Tuesday, December 30, 2008
By Dan

Here now are Daily Danet’s most important stories for 2008.  They may not be the most memorable now, but in time, these events will be remembered longer than anything else in 2008, for their consequences as well as the stories themselves.  These are the stories that, when we look back in 20 years, we will vaguely remember they happened before the coming apocalypse.

  1. Complete collapse of the housing market. 2008 will certainly be remembered as the year the housing bubble went pop.  The median home price peaked in 2006 at about $250,000.  The median home price is now around $180,000.  Fannie Mae and Freddie Mac were officially taken over by the government with no hope of being broken up anytime soon.
  2. Wall Street Follows Housing Over a Cliff. In a related store, in 2008 we found out that Wall Street was as foolishly optimistic as that kid whose parents wrapped clothes in an Xbox box.  With no adults manning the shop, no one thought to look into all those subprime loan derivatives.   The failure of Lehman Brothers, and the death of the last five remaining large investment banks was the earthquake in 2008.  The Tsunami is on its way.
  3. Bailout Mania. Congress realizes that they have skewed the housing market, encouraged risky behavior and destroyed several financial companies by providing easy access to money, by removing accountability and by introducing market distortions.  Congress immediately moves to fix the problem by providing more free money, completely eliminating accountability and further distorting markets.  At some point, a politician somewhere will read Ayn Rand.
  4. Barack Obama Elected President. An unknown junior Senator from Illinois, who happened to be African American, was elected president by the largest popular margin ina generation.  The election will be remembered for a long time, even beyond the racially-motivated “historic” headlines.  Senator Obama spent record amounts in the primary and general elections, and was the first person to not use federal funds since Richard Nixon.  Hillary Clinton’s bid to be the first female presidential nominee, and Sarah Palin’s selection as the first female GOP vice presidential candidate will also be remembered for years to come.  So, too, will the media’s abdication of its investigative responsibilities.

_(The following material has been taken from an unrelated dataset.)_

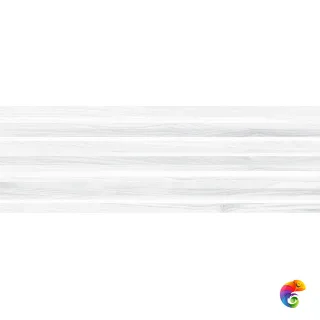 Zen Плитка настенная полоски белый 60038 20х60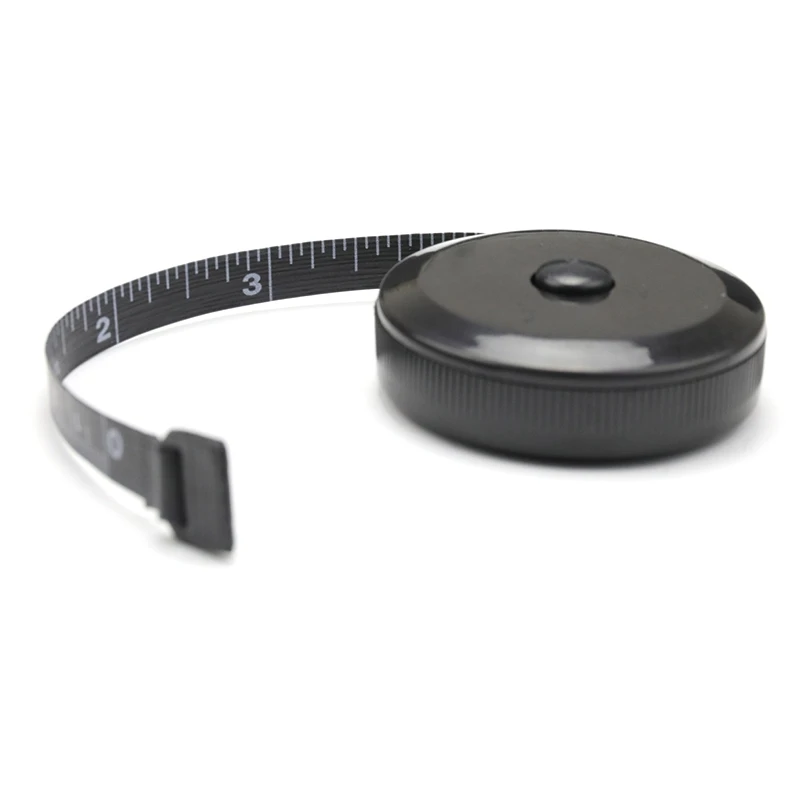 

Tape Measure for Body Measuring Tape for Body Cloth Measuring Tape for Sewing Tailor Fabric Measurements Tape (Retractable Dual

  5. Global Warming Begins to Collapse. In time, 2008 will be recognized as the last time anyone took Al Gore seriously.  2008 will be the coldest year in the United States in over a decade, and record cold and snow have plagued the rest of the world.  Although deranged lunatics will continue to shout from their daddy’s Escalades and their Hollywood mansions, 2008 will be the year that skeptics were finally given a voice.

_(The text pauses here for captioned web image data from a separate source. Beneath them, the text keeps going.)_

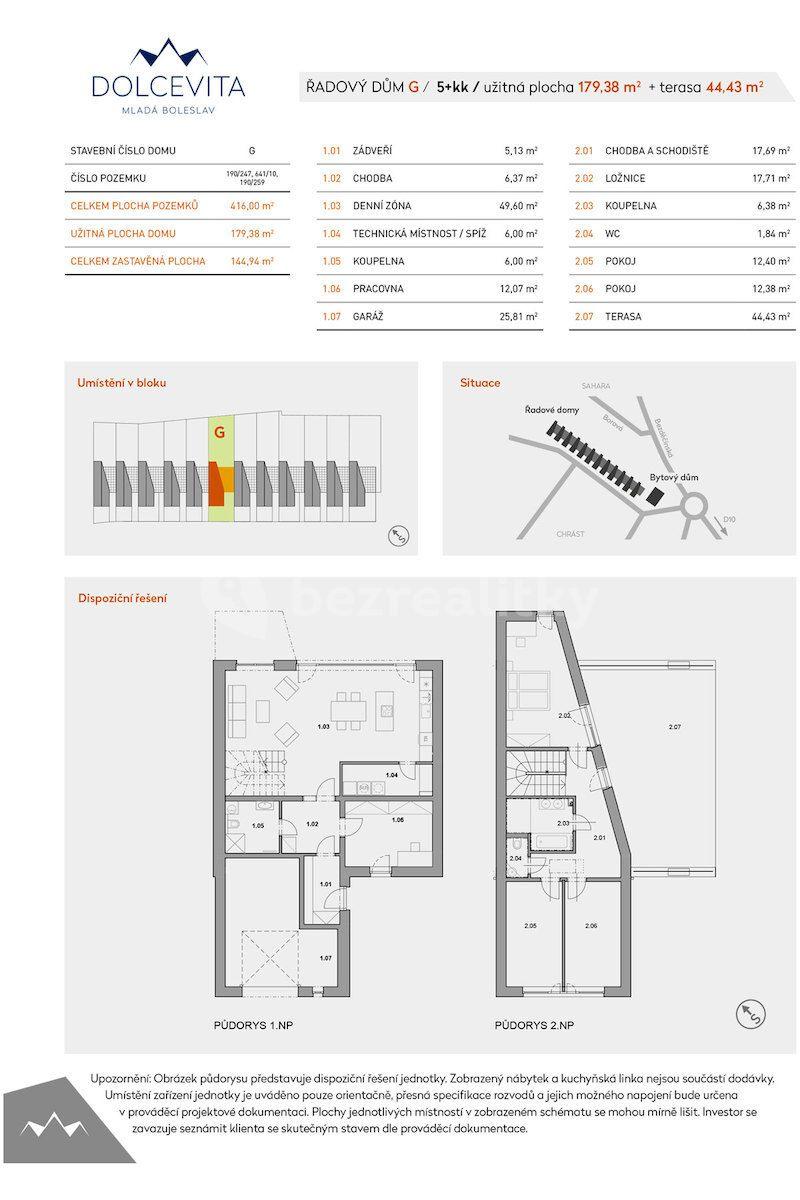 Prodej kanceláře 416 m², Bezděčínská, Mladá Boleslav, Středočeský kraj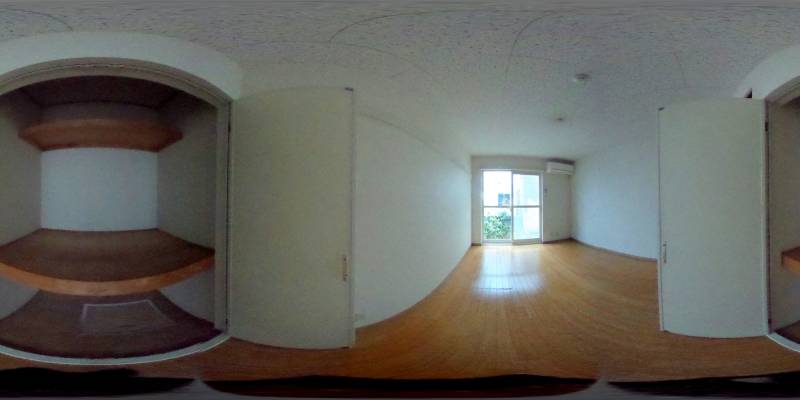 パノラマ画像収納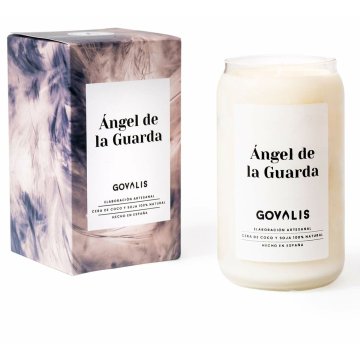 Parfúmovaná Sviečka GOVALIS Ángel de la Guarda (500 g)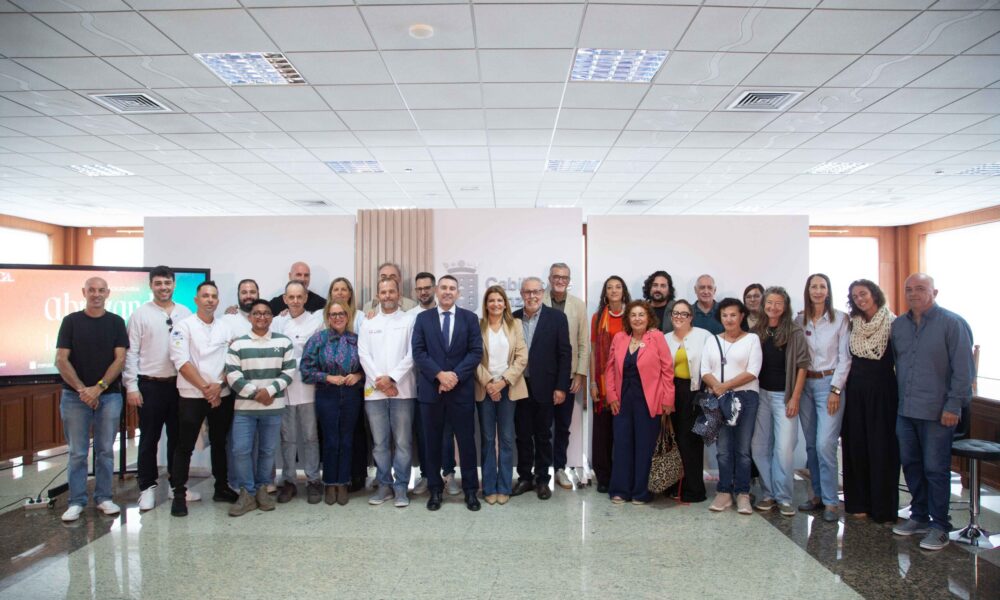 Presentación de la II Gala Solidaria en Montañas del Fuego a favor del Tercer Sector de Lanzarote.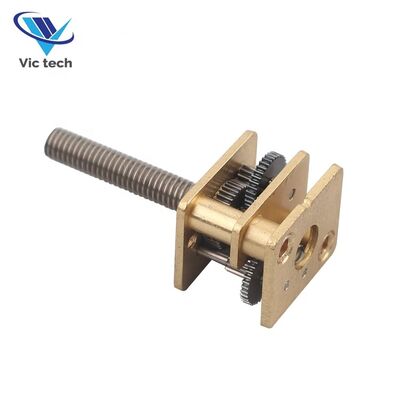 VSM10-816G 5V  10mm Mini Gear Box Stepper Motor Dia10 Micro Geared Stepping Motor with Lead Screw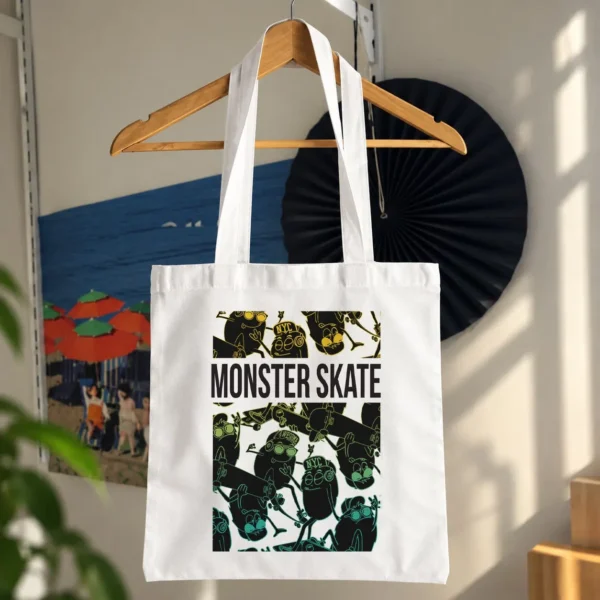 توت بگ اسکیت‌برد طرح Monster Skate استریت‌ویر کد 7277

  6. Gasoline Prices. 2008 will be remembered for its dramatic jump in the price of gasoline, rising to over $4 per gallon in the United States.  The impact, however, will be felt for years as Americans begin to reduce their consumption of gasoline and thereby their dependence on foreign oil.  By December, the price of a barrel of crude oil had fallen nearly $100, a decline of over 70% from it’s summer time high.  Low prices for crude oil minimize the influence of OPEC nations and Russia.

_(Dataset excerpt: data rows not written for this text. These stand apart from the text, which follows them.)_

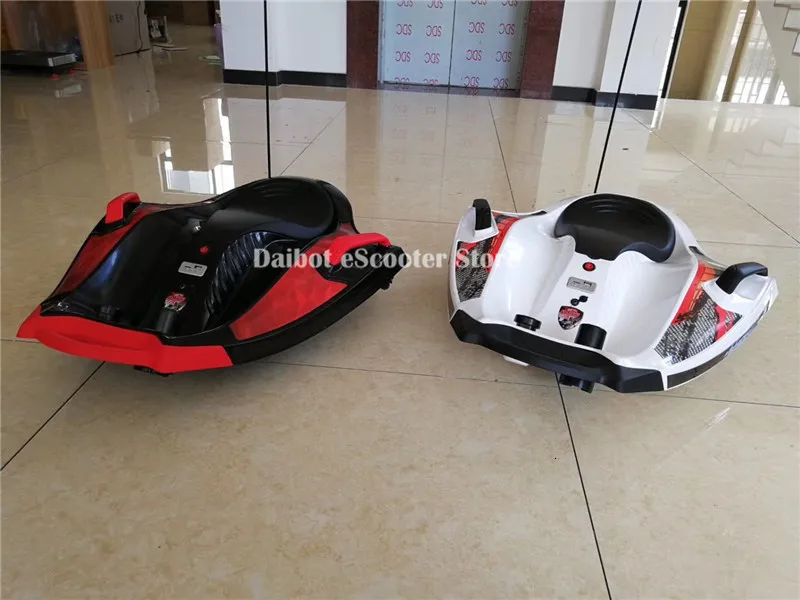 Daibot Hoverboard Skateboard 3 Wheels Self balancing Scooters 9 Inch 120W Drift Electric Tricycle Scooter With Handlebar (12)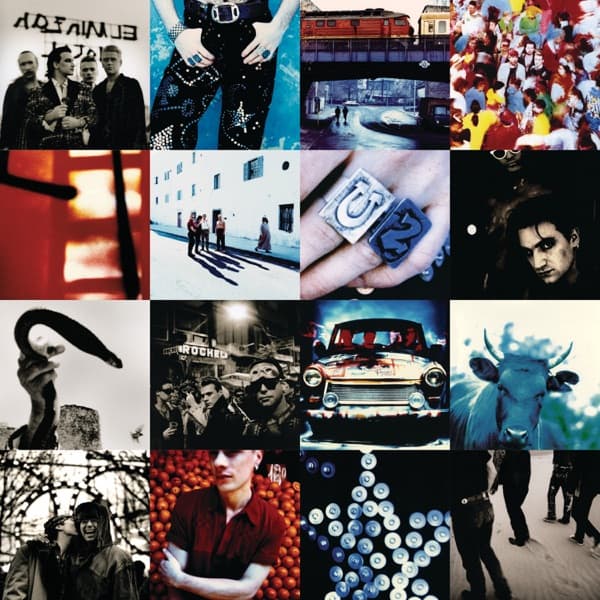 Achtung Baby by U2 — album cover art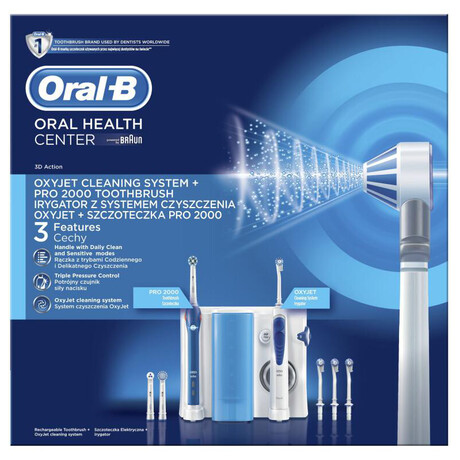 Oral-B Oxyjet +Pro 2000 (foto 1)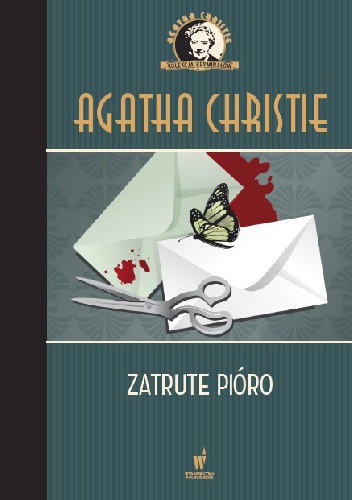 Okładka: Agatha Christie - Zatrute pióro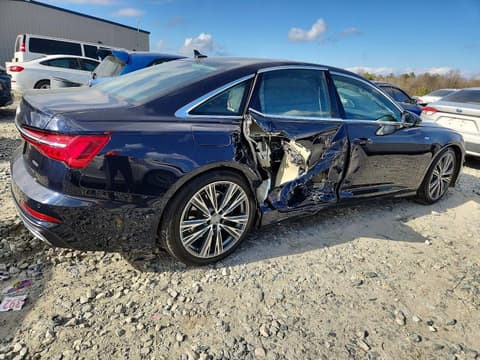 2019 Audi A6, VIN WAUM2AF26KN072365. Фото 3 из 6 с аукциона Copart. Каталог авто из США OpenDataCar.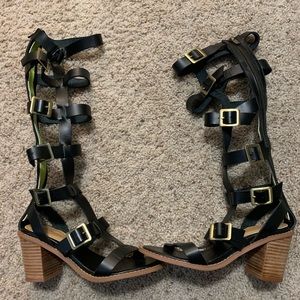 Gladiator heels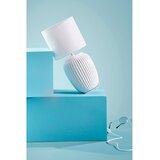 Jotex Bela keramična namizna svetilka (višina 41 cm) Karlsson – | Shoptok.si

  7. Iraq turns a corner. The Surge shows dividends as Iraq is able to reconcile its political differences and unite its factions against foreign and domestic insurgencies.   In time, although the war was mishandled for too long, the decision to invade Iraq and the consequences of a free nation in the Middle East will be seen as the high point of the Bush administration.
  8. NASA discovers water on Mars. After countless complicated experiments are conceived and tested, the little Phoenix lander scrapes the surface of Mars, and, a few millimeters below the red dust, it finds ice.  In time, this will be seen as an enormously significant find for human exploration of the planet.
  9. Russia on the Offensive. Russia invaded Georgia and rattled its sword in the Western hemisphere, meeting with Venezuelan dictator Hugo Chavez and Cuban dictator Raul Castro.  These events signal a growing hostility towards the West.
  10. Nobody’s Perfect, Nothing’s Impossible. After a 10-6 record in the regular season and nearly firing their head coach the year before, the New York Giants make an improbable run to the Superbowl, winning a record 10 straight games on the road.  They face the undefeated New England Patriots, the first team to ever win 18 games in a season and only the second team in history to make it to the Superbowl undefeated.  The Giants were expected to be sacrificial lambs to the Patriot’s crowning victory.  But, as they say, on any given Sunday, anything can happen.  The impossible odds.  The impossible catch.  The heartpounding final seconds.  This is why we watch sports.  These are the games we tell our grandchildren about.

Honorable Mention:
Fidel Castro resigns
The Large Hadron Collider fires up (and doesn’t destroy the Earth)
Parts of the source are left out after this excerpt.